Am Abreisetag ist es mit der Transparenz vorbei. Am Strand von Hua Det, der Metropole auf Don Det stehen ca. 40 Reisende mit Gepäck – Neid auf die 8kg Reisenden, einige rauchen noch schnell das letzte Gras weg, der Grenzübertritt mit ist ihnen vielleicht doch zu heikel, denn eindeutig illegal ist es auch in Laos. Eine halbe Stunde dumm rumstehen ist nichts neues, please don’t rush. Verteilung der Passagiere auf die Langboote.

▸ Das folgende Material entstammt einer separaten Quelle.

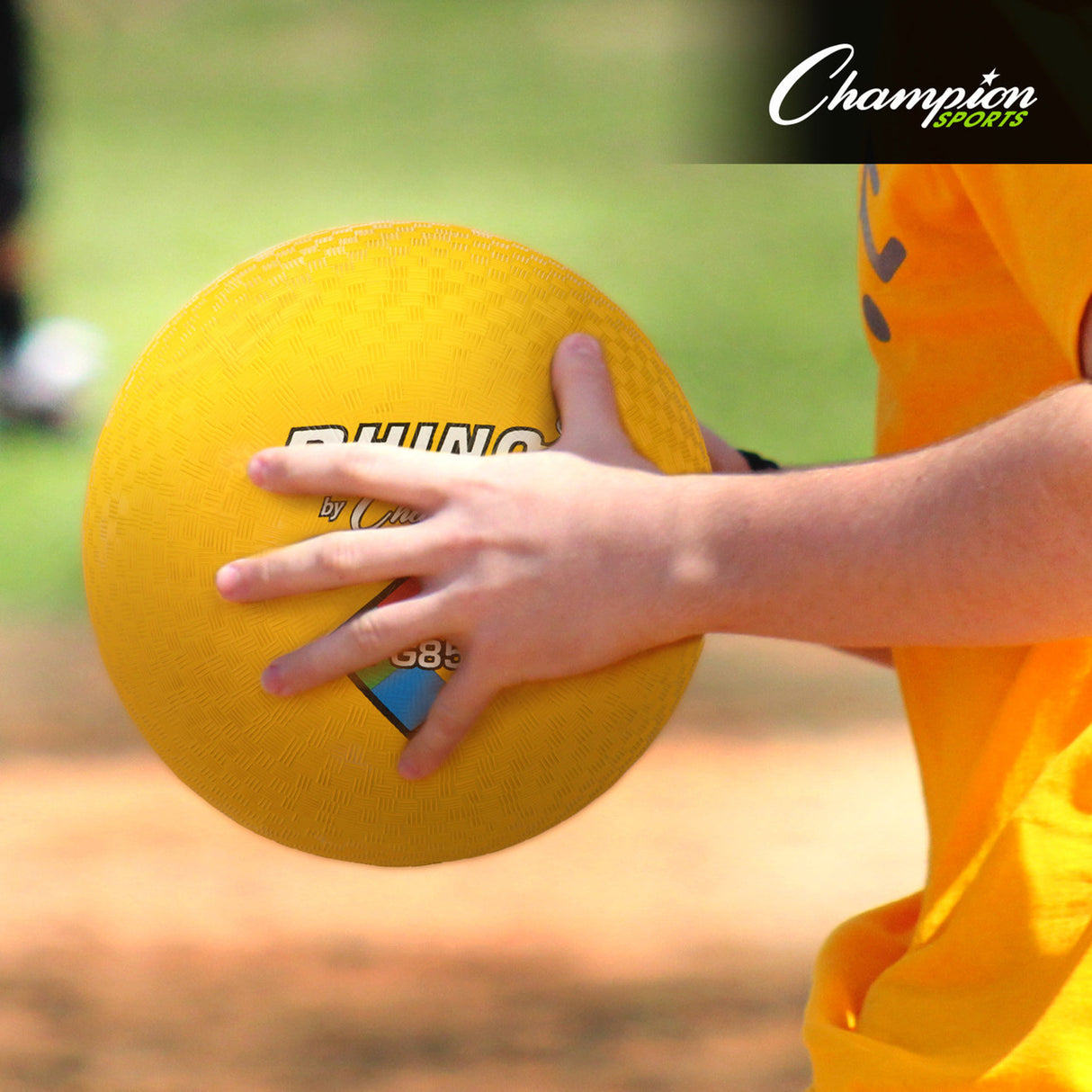 Champion Sports MIXED PLAYGROUND BALLS SET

Offensichtlich gibt es doch zwei verschiedene Angebote, denn obwohl ich mich gefreut hatte, mit den bereits bekannten Graeme und Caroline nach SR zu fahren, werden wir auf unterschiedliche Boote gelotst.

In Ban Naka Sang gibt es einen Busbahnhof. Dort sammelt ein windiger Laote von allen Reisenden erst einmal die Pässe und 30 USD für das Visum ein, obwohl es angeblich nur 25 USD kosten soll. Ich habe mein Visum bereits in Berlin bekommen, und werde von allen dafür beneidet. Dass ich mit anteiliger Servicegebühr eher 50 Euro gezahlt habe, erzähle ich ihnen nicht. Graeme durfte die Visa Prozedur mit der zweiten Gruppe in einem Café machen, die kommen nun auch zum Busbahnhof und steigen in einen großen Reisebus mit cambodianischem Kennzeichen, und der Bus fährt nach 15 Minuten ab. Wir stehen weiter dumm rum. Ca. um 9:30 werden wir in zwei Minibusse verfrachtet – ist ja nur zu ca. 25km entfernten Grenze. Dort wartet dann der komfortable VIP-Bus auf uns.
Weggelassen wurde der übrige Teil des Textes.